── Supplied data
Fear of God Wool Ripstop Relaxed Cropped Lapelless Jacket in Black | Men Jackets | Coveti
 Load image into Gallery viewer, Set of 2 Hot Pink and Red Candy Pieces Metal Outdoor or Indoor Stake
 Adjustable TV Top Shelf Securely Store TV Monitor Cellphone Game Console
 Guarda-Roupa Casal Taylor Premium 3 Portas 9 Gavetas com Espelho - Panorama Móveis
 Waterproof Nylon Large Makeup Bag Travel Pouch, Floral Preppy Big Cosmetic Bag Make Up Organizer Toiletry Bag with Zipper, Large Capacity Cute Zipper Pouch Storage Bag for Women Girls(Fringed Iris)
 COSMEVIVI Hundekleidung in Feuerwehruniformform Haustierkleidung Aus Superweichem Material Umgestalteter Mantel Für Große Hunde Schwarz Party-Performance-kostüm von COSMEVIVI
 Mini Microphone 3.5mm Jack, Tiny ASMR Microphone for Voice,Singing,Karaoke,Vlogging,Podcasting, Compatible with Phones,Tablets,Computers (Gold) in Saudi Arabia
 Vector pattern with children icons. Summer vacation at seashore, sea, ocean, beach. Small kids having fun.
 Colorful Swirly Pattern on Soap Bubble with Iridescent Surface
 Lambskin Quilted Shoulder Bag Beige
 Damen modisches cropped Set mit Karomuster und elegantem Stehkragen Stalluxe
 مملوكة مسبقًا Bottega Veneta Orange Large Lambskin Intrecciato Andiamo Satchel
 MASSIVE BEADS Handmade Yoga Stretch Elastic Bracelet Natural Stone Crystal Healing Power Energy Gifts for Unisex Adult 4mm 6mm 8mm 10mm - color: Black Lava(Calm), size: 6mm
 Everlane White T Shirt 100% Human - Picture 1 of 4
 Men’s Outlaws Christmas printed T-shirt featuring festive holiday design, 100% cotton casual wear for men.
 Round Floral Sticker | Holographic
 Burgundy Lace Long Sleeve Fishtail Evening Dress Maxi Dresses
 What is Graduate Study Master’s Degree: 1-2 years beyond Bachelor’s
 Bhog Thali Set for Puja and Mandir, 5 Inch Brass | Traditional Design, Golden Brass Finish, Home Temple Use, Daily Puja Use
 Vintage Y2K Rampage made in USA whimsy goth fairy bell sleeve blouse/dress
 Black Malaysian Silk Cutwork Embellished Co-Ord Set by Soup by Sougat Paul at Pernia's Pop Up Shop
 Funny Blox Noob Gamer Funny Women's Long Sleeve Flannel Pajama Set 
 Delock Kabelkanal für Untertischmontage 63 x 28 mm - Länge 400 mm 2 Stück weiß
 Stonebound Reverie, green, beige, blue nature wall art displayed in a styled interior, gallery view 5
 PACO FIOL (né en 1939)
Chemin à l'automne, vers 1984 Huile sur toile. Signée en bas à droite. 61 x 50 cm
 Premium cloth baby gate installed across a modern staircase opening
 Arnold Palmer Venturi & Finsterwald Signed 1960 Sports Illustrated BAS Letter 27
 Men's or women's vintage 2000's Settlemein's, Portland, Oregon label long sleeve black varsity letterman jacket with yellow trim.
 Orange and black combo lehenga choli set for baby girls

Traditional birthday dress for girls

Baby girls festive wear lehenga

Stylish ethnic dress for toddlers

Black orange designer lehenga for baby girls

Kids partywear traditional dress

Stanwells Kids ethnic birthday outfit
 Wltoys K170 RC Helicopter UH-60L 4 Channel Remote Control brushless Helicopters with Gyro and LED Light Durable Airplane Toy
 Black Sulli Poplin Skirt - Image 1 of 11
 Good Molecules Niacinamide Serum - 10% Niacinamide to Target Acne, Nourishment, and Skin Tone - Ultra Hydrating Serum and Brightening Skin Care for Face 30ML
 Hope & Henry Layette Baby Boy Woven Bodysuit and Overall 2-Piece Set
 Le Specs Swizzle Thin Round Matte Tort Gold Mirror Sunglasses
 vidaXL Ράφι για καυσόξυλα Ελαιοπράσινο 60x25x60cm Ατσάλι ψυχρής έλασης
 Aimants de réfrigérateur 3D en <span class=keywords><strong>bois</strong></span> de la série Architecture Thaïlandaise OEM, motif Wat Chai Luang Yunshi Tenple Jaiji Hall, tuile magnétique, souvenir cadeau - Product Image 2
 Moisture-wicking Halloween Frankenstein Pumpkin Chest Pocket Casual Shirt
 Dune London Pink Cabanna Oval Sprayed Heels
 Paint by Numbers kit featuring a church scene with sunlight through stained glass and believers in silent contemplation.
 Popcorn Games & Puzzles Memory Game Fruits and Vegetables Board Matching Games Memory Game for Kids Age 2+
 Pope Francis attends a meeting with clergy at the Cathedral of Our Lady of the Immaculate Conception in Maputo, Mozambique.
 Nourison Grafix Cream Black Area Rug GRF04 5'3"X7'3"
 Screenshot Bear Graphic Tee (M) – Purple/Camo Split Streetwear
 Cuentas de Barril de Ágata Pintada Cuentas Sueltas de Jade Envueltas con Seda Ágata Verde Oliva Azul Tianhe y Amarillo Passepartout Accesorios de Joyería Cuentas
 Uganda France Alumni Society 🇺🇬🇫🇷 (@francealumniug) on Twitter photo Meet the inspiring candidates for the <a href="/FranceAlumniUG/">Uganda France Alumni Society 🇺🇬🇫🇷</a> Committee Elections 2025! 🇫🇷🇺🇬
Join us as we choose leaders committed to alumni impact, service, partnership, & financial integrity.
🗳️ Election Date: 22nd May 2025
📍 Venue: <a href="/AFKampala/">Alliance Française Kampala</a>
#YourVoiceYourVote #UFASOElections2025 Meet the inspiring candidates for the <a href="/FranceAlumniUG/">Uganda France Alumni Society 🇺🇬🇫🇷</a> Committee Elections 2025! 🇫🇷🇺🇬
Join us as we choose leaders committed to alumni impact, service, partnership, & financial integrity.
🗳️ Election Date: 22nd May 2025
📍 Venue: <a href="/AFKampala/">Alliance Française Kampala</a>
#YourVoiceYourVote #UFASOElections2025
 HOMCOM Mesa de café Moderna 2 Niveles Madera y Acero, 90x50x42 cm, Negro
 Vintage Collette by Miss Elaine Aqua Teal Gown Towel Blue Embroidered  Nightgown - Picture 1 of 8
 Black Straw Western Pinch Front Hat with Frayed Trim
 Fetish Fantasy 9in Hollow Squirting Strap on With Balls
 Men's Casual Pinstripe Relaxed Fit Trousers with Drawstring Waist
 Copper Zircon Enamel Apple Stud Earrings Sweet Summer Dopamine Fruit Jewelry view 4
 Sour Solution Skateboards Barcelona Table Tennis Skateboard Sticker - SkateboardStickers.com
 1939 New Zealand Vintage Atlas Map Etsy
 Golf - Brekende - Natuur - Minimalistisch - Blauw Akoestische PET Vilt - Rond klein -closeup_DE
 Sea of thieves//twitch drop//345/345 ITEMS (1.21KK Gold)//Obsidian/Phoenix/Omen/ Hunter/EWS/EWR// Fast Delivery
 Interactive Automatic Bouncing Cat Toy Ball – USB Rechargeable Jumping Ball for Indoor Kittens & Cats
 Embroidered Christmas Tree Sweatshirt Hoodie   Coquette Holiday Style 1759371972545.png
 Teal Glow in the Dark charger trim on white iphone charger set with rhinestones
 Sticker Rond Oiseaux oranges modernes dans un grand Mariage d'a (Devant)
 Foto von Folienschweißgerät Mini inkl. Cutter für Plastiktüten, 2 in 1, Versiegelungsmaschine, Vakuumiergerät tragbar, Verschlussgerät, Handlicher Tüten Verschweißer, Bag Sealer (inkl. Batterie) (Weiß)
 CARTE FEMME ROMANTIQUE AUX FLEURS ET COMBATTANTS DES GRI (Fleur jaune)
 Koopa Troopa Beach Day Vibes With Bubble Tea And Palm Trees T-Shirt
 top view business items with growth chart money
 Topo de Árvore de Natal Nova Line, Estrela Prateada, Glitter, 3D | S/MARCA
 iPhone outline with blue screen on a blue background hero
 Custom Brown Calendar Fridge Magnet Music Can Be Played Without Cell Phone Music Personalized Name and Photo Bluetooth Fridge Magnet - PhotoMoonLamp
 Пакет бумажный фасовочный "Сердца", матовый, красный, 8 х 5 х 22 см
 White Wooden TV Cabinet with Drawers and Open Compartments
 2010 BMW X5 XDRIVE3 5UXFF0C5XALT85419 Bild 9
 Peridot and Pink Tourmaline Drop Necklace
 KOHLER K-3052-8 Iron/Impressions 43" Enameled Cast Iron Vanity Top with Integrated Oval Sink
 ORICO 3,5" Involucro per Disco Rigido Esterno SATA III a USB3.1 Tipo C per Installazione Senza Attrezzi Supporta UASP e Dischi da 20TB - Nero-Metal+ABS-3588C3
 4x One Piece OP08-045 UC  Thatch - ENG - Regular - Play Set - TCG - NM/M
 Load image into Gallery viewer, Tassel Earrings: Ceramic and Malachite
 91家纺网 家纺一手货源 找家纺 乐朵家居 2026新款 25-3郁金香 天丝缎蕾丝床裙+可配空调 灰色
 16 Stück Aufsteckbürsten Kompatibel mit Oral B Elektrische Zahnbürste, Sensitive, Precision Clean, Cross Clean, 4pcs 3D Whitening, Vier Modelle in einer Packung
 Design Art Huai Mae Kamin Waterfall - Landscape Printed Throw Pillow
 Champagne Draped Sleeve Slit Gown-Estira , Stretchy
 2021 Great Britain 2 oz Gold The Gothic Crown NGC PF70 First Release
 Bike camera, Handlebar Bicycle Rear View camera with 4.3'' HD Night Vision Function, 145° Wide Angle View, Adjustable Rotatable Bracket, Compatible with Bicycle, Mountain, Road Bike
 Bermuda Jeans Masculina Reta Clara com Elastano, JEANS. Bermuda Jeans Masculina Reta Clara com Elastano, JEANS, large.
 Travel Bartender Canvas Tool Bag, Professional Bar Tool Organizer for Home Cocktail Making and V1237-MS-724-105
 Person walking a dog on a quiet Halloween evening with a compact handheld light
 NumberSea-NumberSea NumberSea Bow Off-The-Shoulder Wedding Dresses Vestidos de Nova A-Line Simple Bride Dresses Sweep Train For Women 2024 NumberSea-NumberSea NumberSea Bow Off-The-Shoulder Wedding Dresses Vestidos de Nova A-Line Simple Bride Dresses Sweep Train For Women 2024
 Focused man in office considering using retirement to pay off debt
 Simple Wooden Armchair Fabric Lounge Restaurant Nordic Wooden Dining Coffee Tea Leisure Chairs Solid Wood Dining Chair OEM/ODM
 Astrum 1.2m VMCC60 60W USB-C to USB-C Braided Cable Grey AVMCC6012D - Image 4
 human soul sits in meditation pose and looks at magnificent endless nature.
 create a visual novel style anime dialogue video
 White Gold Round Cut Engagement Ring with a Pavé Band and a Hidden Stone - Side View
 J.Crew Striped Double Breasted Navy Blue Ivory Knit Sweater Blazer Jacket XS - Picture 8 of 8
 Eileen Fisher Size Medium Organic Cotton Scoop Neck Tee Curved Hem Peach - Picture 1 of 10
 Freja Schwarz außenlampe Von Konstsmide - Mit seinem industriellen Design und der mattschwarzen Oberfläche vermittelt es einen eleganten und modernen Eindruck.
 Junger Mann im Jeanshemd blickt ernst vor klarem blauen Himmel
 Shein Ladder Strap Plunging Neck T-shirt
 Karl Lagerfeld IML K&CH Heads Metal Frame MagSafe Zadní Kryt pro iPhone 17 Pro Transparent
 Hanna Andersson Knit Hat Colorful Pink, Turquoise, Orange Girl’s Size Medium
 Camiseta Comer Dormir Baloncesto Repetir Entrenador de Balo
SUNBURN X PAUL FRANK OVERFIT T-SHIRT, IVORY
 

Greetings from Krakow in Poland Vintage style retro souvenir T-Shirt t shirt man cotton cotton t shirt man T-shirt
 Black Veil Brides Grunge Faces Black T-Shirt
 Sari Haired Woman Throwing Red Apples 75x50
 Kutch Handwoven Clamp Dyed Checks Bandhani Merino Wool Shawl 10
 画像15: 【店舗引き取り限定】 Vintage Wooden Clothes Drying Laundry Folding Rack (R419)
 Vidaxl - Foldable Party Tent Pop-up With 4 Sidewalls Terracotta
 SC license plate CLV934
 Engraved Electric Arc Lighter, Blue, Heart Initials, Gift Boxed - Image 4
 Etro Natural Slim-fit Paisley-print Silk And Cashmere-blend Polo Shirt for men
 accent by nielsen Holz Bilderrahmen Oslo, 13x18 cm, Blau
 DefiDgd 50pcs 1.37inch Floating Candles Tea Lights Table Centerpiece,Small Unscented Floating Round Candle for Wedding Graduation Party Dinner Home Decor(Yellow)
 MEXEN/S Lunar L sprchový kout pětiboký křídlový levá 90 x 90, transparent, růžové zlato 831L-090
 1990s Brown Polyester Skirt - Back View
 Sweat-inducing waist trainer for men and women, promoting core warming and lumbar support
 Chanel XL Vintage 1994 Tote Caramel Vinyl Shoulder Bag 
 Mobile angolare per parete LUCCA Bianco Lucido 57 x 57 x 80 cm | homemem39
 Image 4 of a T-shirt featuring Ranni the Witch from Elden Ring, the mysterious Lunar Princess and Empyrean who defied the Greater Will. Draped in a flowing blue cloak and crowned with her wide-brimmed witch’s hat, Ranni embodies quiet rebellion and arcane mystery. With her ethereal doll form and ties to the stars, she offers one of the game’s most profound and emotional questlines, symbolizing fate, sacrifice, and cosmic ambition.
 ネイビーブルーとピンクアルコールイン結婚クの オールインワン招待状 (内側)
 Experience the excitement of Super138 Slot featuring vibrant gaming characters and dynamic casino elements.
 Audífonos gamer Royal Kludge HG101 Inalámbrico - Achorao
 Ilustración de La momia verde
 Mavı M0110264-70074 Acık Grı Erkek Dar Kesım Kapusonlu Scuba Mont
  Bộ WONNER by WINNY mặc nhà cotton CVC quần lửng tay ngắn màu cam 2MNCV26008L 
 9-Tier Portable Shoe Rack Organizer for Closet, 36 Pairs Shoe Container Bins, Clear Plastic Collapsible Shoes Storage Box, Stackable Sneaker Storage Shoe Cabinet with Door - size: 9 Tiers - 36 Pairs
────
(Task item)
Exactly as written, reproduce the lines of the data above from the first line through the line where "Funny Blox Noob" appears.

(Exercise solution)
Fear of God Wool Ripstop Relaxed Cropped Lapelless Jacket in Black | Men Jackets | Coveti
 Load image into Gallery viewer, Set of 2 Hot Pink and Red Candy Pieces Metal Outdoor or Indoor Stake
 Adjustable TV Top Shelf Securely Store TV Monitor Cellphone Game Console
 Guarda-Roupa Casal Taylor Premium 3 Portas 9 Gavetas com Espelho - Panorama Móveis
 Waterproof Nylon Large Makeup Bag Travel Pouch, Floral Preppy Big Cosmetic Bag Make Up Organizer Toiletry Bag with Zipper, Large Capacity Cute Zipper Pouch Storage Bag for Women Girls(Fringed Iris)
 COSMEVIVI Hundekleidung in Feuerwehruniformform Haustierkleidung Aus Superweichem Material Umgestalteter Mantel Für Große Hunde Schwarz Party-Performance-kostüm von COSMEVIVI
 Mini Microphone 3.5mm Jack, Tiny ASMR Microphone for Voice,Singing,Karaoke,Vlogging,Podcasting, Compatible with Phones,Tablets,Computers (Gold) in Saudi Arabia
 Vector pattern with children icons. Summer vacation at seashore, sea, ocean, beach. Small kids having fun.
 Colorful Swirly Pattern on Soap Bubble with Iridescent Surface
 Lambskin Quilted Shoulder Bag Beige
 Damen modisches cropped Set mit Karomuster und elegantem Stehkragen Stalluxe
 مملوكة مسبقًا Bottega Veneta Orange Large Lambskin Intrecciato Andiamo Satchel
 MASSIVE BEADS Handmade Yoga Stretch Elastic Bracelet Natural Stone Crystal Healing Power Energy Gifts for Unisex Adult 4mm 6mm 8mm 10mm - color: Black Lava(Calm), size: 6mm
 Everlane White T Shirt 100% Human - Picture 1 of 4
 Men’s Outlaws Christmas printed T-shirt featuring festive holiday design, 100% cotton casual wear for men.
 Round Floral Sticker | Holographic
 Burgundy Lace Long Sleeve Fishtail Evening Dress Maxi Dresses
 What is Graduate Study Master’s Degree: 1-2 years beyond Bachelor’s
 Bhog Thali Set for Puja and Mandir, 5 Inch Brass | Traditional Design, Golden Brass Finish, Home Temple Use, Daily Puja Use
 Vintage Y2K Rampage made in USA whimsy goth fairy bell sleeve blouse/dress
 Black Malaysian Silk Cutwork Embellished Co-Ord Set by Soup by Sougat Paul at Pernia's Pop Up Shop
 Funny Blox Noob Gamer Funny Women's Long Sleeve Flannel Pajama Set 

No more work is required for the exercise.